Located in the Island’s most western zone in the province of Pinar del Río the zone supports species of flora and fauna that experts are continuously trying to record and track.
This species protection work monopolizes the attention of scientific institutions and international organizations intent on augmenting their experience but may actually also rank as one of the primary challenges facing the area.
This is the reason why a team of Cuban specialists in its management and care attended the recent IV World Biosphere Reserve Congress in the Peruvian capital of Lima.
Zone coordinator, Lázaro Márquez, told Cuba- Plus that the team went to share the methods they apply in the area, especially regarding the participation of young people in species conservation work.
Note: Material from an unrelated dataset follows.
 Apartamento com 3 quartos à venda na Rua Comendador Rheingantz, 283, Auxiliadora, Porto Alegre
He said that one of the challenges arising from the Lima Congress is the development of a 10- year global plan for the protection of these sites, in compliance with UN sustainable development goals.
For the expert, who could well be described as a founder of the Reserve since its designation in 1987, one of its principal attractions are the sea turtles, which are also perhaps most the vulnerable to predators.
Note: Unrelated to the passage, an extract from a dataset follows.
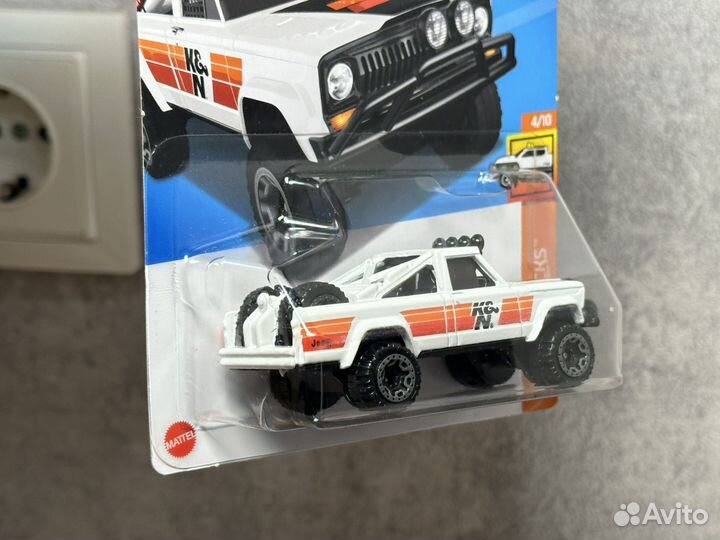 Hot wheels 73 jeep j10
Márquez said, “poaching has taken a considerable toll, but we have put into place environmental conservation plans that involve all the surrounding communities.” He explained how the project has achieved the “miracle” of converting some former poachers into people who now have a conscience and are involved in turtle care and protection.
Young people are particularly integrated into the diverse range of programs designed for all educational levels, from primary to pre-university.
They participate in educational talks and even in the monitoring work that involves the tracking of these animals from the moment nesting commences.
He explained that this is exhausting work involving tough days, but that it has contributed to the formation of consciences.
The expert said that turtle monitoring also attracted tourists, many of whom came to learn how to raise and conserve them.
Márquez added that the number of visitors interested in conservation was on the rise and that eco-tourists were attracted not only by the turtles, but also by bird life—the reserve is home to more than 150 species including 45 types of migratory birds and many endemic species.